▸ Assigned task:
Return every line in the entries below where the word "Jersey" shows up.
•••••
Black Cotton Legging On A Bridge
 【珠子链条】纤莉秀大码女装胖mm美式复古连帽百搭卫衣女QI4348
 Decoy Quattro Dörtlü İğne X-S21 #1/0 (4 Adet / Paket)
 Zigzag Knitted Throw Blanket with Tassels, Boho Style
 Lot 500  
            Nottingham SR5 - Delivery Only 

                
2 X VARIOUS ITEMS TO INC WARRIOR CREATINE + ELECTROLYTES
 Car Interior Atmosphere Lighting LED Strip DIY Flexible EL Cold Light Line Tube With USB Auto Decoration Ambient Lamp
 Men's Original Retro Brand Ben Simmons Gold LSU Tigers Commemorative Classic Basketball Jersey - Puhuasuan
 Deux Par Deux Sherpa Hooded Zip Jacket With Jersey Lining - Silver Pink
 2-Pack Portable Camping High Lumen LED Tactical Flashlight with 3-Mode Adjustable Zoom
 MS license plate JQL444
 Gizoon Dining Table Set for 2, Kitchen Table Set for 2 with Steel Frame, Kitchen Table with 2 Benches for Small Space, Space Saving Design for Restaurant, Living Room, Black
•••••
▸ Finished exercise:
 Men's Original Retro Brand Ben Simmons Gold LSU Tigers Commemorative Classic Basketball Jersey - Puhuasuan
 Deux Par Deux Sherpa Hooded Zip Jacket With Jersey Lining - Silver Pink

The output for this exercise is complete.